+++ STORED DATA +++

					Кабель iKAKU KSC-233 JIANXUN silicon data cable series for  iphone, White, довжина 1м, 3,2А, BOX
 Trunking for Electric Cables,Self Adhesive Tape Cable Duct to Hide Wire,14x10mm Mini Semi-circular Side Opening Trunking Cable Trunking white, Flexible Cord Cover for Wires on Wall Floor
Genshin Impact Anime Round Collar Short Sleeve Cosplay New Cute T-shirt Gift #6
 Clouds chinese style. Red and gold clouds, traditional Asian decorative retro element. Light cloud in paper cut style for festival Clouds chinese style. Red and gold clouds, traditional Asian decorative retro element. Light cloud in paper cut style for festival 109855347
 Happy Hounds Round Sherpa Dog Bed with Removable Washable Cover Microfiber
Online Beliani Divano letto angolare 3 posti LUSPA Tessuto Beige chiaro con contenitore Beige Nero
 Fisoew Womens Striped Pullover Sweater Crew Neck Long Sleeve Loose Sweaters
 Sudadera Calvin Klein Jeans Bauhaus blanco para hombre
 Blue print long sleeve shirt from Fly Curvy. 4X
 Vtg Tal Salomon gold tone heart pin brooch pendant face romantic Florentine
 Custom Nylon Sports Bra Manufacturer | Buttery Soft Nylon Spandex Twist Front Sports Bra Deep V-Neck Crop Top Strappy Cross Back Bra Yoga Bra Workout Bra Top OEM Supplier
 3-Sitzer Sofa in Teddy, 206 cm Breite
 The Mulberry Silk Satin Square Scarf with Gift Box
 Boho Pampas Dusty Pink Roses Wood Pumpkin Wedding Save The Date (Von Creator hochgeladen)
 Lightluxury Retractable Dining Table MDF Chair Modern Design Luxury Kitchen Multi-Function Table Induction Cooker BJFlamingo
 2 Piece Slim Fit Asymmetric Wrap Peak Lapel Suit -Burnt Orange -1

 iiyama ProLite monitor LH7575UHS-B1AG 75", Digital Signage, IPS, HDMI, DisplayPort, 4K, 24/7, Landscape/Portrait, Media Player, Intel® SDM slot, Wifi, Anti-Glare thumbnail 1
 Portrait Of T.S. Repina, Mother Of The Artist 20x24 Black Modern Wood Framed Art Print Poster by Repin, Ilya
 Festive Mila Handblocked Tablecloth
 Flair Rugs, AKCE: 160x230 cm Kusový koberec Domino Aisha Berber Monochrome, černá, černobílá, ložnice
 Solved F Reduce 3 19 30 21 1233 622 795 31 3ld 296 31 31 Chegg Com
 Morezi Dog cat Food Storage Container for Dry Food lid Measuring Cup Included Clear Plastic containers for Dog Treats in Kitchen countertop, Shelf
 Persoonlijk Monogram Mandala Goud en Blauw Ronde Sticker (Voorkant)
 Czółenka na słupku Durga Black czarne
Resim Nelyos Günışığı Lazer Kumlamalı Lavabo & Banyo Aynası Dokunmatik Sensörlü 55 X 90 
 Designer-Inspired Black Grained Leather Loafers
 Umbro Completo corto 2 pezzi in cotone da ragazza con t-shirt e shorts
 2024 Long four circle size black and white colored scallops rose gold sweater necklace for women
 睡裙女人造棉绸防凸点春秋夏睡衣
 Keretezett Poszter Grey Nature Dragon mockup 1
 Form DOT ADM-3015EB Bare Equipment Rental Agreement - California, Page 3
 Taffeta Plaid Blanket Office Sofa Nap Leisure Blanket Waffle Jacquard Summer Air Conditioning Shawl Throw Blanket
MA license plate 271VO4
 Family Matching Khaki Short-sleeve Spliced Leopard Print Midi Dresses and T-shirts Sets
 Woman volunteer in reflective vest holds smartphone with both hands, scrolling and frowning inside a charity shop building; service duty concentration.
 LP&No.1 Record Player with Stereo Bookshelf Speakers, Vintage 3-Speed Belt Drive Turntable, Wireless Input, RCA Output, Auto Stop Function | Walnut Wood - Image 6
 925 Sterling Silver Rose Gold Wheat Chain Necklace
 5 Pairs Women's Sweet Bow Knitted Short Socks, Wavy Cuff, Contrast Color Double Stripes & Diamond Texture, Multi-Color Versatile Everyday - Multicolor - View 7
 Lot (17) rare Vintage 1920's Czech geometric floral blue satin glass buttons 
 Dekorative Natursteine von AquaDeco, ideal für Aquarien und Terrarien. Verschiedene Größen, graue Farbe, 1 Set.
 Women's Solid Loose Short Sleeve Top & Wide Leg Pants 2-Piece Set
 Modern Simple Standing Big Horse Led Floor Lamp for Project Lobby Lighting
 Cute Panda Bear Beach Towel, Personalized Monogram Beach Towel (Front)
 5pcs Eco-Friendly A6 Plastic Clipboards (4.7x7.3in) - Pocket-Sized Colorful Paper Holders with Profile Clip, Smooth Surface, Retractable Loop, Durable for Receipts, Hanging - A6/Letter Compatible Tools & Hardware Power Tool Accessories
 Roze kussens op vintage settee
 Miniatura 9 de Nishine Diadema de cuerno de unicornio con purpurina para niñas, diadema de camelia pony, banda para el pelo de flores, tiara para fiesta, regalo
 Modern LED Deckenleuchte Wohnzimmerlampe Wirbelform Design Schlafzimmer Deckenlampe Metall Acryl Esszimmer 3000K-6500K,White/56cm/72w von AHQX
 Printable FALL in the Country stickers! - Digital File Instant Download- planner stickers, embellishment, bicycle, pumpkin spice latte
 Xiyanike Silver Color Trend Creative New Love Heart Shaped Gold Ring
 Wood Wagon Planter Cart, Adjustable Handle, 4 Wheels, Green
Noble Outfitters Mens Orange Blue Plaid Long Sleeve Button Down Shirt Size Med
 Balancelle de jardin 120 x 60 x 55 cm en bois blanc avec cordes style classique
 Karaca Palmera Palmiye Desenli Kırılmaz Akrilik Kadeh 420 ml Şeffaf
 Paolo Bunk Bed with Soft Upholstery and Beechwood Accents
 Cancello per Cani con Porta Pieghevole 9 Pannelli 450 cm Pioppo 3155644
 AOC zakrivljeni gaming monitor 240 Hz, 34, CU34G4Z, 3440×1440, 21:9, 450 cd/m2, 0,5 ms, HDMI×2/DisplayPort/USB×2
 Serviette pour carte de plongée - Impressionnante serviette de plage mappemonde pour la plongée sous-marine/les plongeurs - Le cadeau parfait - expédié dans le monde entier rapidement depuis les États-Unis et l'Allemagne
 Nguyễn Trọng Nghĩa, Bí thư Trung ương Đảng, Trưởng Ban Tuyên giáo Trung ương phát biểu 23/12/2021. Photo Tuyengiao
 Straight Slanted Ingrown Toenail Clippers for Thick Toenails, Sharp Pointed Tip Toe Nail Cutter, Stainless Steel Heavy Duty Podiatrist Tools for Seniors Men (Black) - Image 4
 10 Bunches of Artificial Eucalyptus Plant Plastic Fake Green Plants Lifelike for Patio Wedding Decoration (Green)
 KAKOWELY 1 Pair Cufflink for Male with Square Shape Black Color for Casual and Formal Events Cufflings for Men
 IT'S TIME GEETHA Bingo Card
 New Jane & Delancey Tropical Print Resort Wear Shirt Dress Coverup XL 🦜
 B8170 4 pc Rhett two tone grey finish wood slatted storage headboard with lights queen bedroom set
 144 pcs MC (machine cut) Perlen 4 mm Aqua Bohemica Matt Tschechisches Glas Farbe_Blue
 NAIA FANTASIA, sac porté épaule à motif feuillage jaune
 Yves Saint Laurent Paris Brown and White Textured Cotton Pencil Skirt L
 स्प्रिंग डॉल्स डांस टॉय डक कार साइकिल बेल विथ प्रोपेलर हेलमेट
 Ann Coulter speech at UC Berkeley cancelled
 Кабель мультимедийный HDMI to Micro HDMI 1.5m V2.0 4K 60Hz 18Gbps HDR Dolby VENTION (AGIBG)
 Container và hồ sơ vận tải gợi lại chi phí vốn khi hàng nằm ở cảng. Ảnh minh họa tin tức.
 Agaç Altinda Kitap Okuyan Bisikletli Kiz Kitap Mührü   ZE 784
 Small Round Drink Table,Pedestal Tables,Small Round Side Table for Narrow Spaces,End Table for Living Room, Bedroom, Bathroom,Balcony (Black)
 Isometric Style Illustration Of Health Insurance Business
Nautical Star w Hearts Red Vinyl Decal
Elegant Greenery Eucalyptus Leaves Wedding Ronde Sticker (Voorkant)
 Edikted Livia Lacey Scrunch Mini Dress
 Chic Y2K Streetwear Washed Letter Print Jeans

+++

Would you print, exactly as written, every line above from the one holding "睡裙女人造棉绸防凸点春秋夏睡衣" through the one holding "Dekorative Natursteine von", with both included and no other lines?

**TASK OUTPUT:**
 睡裙女人造棉绸防凸点春秋夏睡衣
 Keretezett Poszter Grey Nature Dragon mockup 1
 Form DOT ADM-3015EB Bare Equipment Rental Agreement - California, Page 3
 Taffeta Plaid Blanket Office Sofa Nap Leisure Blanket Waffle Jacquard Summer Air Conditioning Shawl Throw Blanket
MA license plate 271VO4
 Family Matching Khaki Short-sleeve Spliced Leopard Print Midi Dresses and T-shirts Sets
 Woman volunteer in reflective vest holds smartphone with both hands, scrolling and frowning inside a charity shop building; service duty concentration.
 LP&No.1 Record Player with Stereo Bookshelf Speakers, Vintage 3-Speed Belt Drive Turntable, Wireless Input, RCA Output, Auto Stop Function | Walnut Wood - Image 6
 925 Sterling Silver Rose Gold Wheat Chain Necklace
 5 Pairs Women's Sweet Bow Knitted Short Socks, Wavy Cuff, Contrast Color Double Stripes & Diamond Texture, Multi-Color Versatile Everyday - Multicolor - View 7
 Lot (17) rare Vintage 1920's Czech geometric floral blue satin glass buttons 
 Dekorative Natursteine von AquaDeco, ideal für Aquarien und Terrarien. Verschiedene Größen, graue Farbe, 1 Set.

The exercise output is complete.